**WHAT TO WORK ON:** Exact copies of the records below are needed, free of pictures.

**DATA TO EXAMINE:**
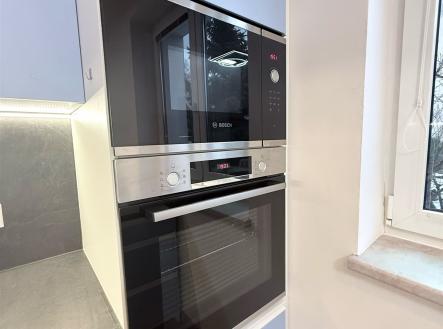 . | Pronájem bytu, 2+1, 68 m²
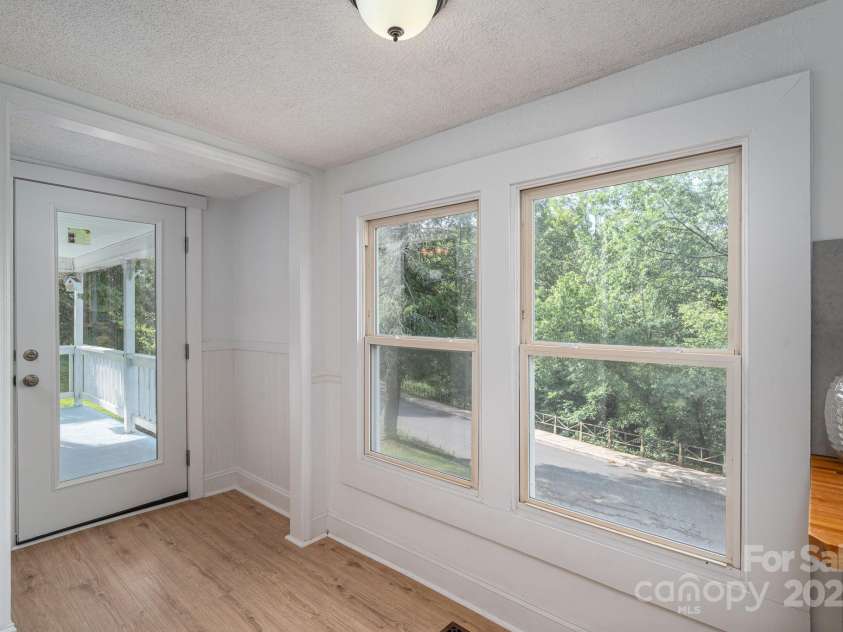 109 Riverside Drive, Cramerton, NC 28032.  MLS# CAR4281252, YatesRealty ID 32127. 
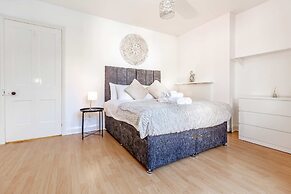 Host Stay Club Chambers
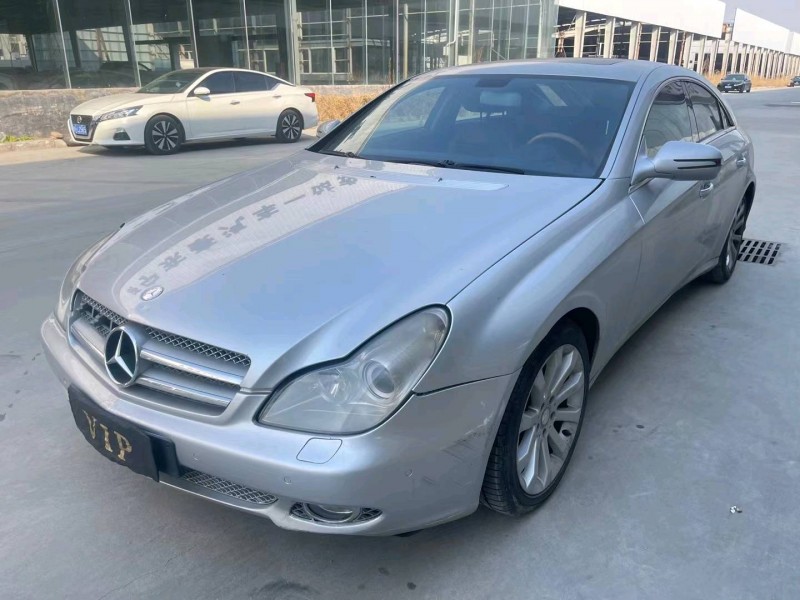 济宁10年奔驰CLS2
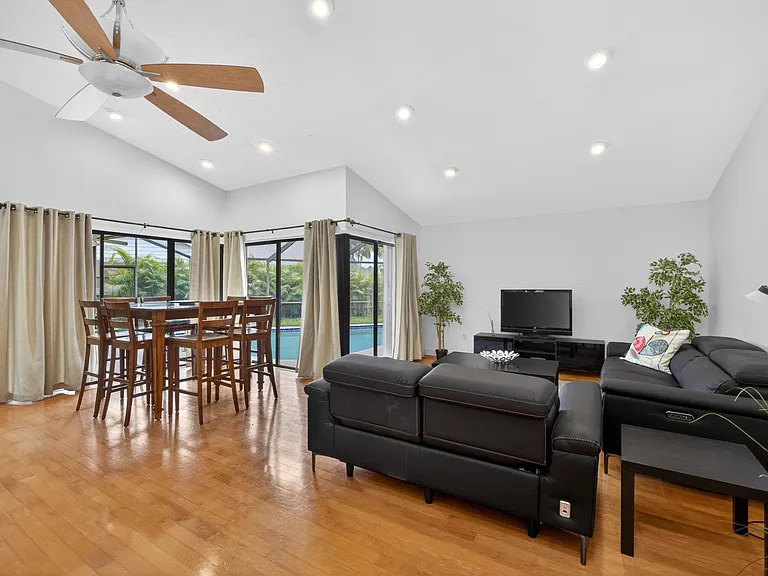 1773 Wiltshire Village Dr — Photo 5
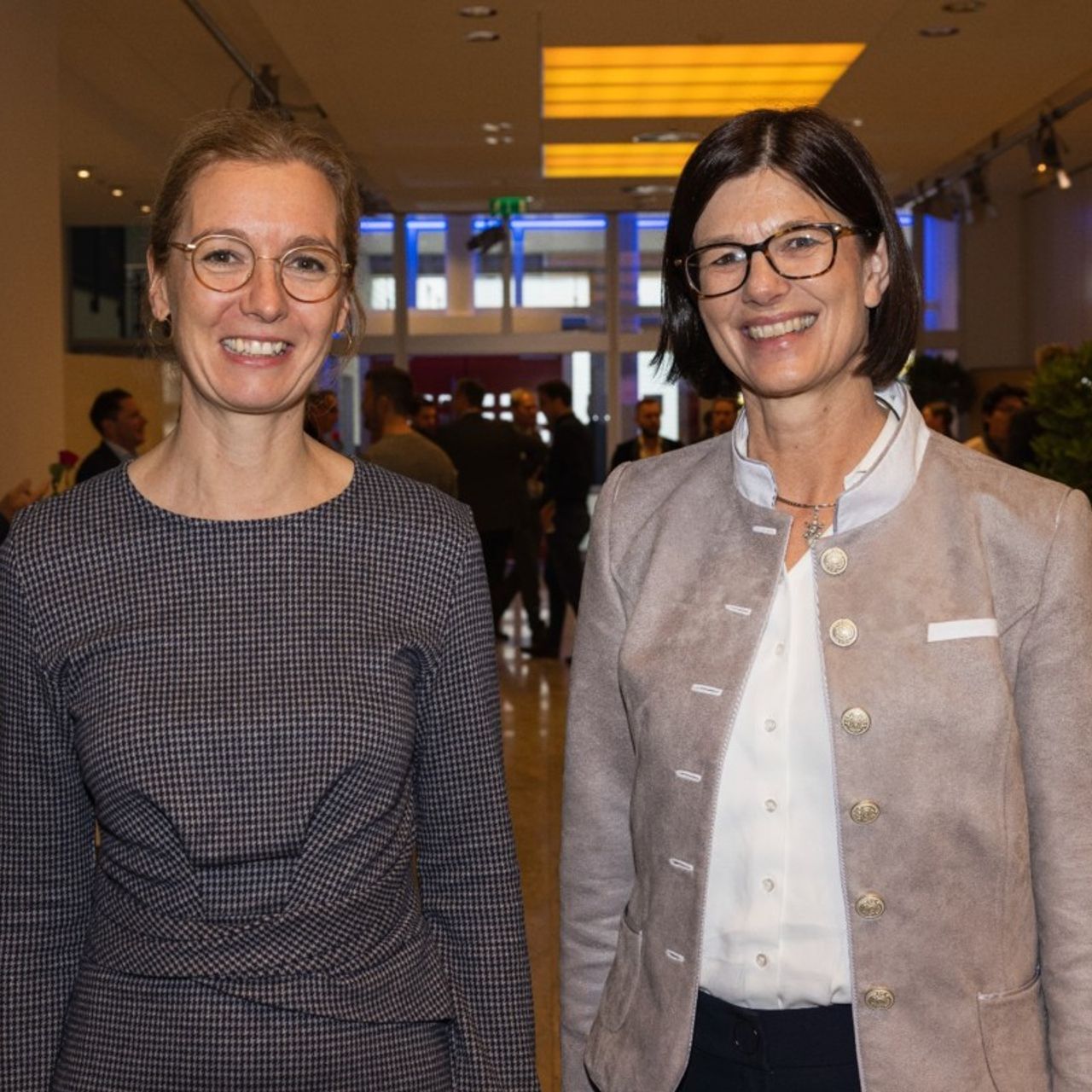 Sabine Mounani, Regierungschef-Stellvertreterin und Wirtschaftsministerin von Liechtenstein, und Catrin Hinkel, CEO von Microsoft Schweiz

**ANSWER FOR THE TASK:**
 . | Pronájem bytu, 2+1, 68 m²
 109 Riverside Drive, Cramerton, NC 28032.  MLS# CAR4281252, YatesRealty ID 32127. 
 Host Stay Club Chambers
 济宁10年奔驰CLS2
 1773 Wiltshire Village Dr — Photo 5
 Sabine Mounani, Regierungschef-Stellvertreterin und Wirtschaftsministerin von Liechtenstein, und Catrin Hinkel, CEO von Microsoft Schweiz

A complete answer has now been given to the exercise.